## Short text fragments from websites
• • •

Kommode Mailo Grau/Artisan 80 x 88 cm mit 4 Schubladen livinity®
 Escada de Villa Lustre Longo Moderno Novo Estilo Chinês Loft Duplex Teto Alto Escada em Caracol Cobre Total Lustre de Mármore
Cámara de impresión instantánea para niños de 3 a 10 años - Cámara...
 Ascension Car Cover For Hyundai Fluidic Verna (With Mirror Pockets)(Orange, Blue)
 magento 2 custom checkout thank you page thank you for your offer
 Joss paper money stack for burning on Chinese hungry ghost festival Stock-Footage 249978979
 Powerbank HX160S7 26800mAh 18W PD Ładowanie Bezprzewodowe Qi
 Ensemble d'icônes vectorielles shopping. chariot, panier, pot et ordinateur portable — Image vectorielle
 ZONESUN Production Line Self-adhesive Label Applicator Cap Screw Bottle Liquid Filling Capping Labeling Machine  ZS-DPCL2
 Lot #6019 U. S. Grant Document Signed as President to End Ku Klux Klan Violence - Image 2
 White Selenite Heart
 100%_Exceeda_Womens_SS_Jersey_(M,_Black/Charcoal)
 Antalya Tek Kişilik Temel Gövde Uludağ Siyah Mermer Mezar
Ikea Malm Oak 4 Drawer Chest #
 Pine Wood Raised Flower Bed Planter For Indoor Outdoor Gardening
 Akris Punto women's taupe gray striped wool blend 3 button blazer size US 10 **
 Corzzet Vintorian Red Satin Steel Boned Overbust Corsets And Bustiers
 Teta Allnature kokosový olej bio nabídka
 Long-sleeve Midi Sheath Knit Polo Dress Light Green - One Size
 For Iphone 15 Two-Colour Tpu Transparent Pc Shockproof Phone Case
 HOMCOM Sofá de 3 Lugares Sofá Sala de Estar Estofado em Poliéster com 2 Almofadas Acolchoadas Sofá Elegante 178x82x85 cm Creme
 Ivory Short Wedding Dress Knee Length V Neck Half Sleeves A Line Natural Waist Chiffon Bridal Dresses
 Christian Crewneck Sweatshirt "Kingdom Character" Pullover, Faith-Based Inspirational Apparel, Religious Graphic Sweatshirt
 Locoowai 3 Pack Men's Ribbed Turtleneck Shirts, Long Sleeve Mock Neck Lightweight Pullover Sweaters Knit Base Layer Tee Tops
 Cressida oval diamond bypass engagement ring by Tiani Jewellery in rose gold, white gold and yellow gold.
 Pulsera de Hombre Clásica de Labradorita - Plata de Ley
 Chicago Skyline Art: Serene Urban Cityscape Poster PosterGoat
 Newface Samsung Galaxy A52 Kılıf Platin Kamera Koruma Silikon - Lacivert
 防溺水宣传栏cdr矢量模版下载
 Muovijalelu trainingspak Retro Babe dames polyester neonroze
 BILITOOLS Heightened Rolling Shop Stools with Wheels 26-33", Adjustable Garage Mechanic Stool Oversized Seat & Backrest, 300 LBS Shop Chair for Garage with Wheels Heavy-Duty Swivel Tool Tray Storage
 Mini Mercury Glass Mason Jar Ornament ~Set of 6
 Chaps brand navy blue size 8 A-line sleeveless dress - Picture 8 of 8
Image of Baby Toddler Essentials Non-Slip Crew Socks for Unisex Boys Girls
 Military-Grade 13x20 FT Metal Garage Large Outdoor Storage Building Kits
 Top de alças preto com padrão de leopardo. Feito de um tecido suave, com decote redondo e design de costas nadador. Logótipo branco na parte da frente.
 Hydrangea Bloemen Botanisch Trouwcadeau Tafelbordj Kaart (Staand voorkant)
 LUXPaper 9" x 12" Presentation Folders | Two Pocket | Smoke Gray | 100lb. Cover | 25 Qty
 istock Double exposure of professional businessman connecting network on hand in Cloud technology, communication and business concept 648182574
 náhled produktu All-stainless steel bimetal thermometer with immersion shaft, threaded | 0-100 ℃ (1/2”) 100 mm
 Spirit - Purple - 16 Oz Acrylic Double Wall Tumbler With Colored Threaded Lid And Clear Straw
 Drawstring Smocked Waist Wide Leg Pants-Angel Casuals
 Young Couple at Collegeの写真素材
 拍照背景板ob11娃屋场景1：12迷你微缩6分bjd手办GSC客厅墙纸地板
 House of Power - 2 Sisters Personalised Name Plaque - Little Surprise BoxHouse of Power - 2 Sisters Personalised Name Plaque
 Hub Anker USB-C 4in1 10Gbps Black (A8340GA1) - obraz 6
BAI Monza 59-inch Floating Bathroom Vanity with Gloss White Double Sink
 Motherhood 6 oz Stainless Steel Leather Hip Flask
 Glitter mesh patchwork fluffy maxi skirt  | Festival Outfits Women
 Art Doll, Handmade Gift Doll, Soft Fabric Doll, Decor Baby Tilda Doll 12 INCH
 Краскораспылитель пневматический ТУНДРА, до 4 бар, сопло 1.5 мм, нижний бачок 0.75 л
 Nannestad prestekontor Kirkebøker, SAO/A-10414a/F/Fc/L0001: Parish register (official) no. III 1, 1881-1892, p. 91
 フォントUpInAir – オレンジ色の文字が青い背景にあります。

• • •

## Action item
What is needed is an exact retyping of every line from the one containing "Military-Grade 13x20 FT" through the final line of the entries, and only those lines.

## Completed exercise
 Military-Grade 13x20 FT Metal Garage Large Outdoor Storage Building Kits
 Top de alças preto com padrão de leopardo. Feito de um tecido suave, com decote redondo e design de costas nadador. Logótipo branco na parte da frente.
 Hydrangea Bloemen Botanisch Trouwcadeau Tafelbordj Kaart (Staand voorkant)
 LUXPaper 9" x 12" Presentation Folders | Two Pocket | Smoke Gray | 100lb. Cover | 25 Qty
 istock Double exposure of professional businessman connecting network on hand in Cloud technology, communication and business concept 648182574
 náhled produktu All-stainless steel bimetal thermometer with immersion shaft, threaded | 0-100 ℃ (1/2”) 100 mm
 Spirit - Purple - 16 Oz Acrylic Double Wall Tumbler With Colored Threaded Lid And Clear Straw
 Drawstring Smocked Waist Wide Leg Pants-Angel Casuals
 Young Couple at Collegeの写真素材
 拍照背景板ob11娃屋场景1：12迷你微缩6分bjd手办GSC客厅墙纸地板
 House of Power - 2 Sisters Personalised Name Plaque - Little Surprise BoxHouse of Power - 2 Sisters Personalised Name Plaque
 Hub Anker USB-C 4in1 10Gbps Black (A8340GA1) - obraz 6
BAI Monza 59-inch Floating Bathroom Vanity with Gloss White Double Sink
 Motherhood 6 oz Stainless Steel Leather Hip Flask
 Glitter mesh patchwork fluffy maxi skirt  | Festival Outfits Women
 Art Doll, Handmade Gift Doll, Soft Fabric Doll, Decor Baby Tilda Doll 12 INCH
 Краскораспылитель пневматический ТУНДРА, до 4 бар, сопло 1.5 мм, нижний бачок 0.75 л
 Nannestad prestekontor Kirkebøker, SAO/A-10414a/F/Fc/L0001: Parish register (official) no. III 1, 1881-1892, p. 91
 フォントUpInAir – オレンジ色の文字が青い背景にあります。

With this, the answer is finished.